From the entries below, reproduce exactly the lines from the one with "Green Horizontal Stripe" through the one with "Gay Pride LGBT", both included, without images.
──────── AVAILABLE RECORDS
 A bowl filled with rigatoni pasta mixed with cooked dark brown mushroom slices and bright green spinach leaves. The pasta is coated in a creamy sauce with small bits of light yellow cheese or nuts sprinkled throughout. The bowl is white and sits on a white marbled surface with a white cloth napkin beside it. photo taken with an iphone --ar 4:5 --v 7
────────────────
──────── AVAILABLE RECORDS
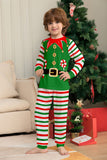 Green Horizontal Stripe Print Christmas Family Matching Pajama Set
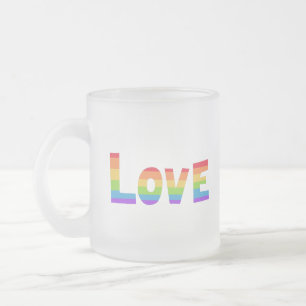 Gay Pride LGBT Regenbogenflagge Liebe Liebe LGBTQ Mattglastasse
────────────────
──────── AVAILABLE RECORDS
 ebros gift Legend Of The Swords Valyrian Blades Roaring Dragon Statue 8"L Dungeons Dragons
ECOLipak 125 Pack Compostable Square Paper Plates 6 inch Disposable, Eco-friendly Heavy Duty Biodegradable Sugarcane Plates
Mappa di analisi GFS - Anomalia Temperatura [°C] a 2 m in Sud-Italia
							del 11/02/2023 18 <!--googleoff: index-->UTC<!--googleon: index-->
────────────────
● **THE ANSWER**:
 Green Horizontal Stripe Print Christmas Family Matching Pajama Set
 Gay Pride LGBT Regenbogenflagge Liebe Liebe LGBTQ Mattglastasse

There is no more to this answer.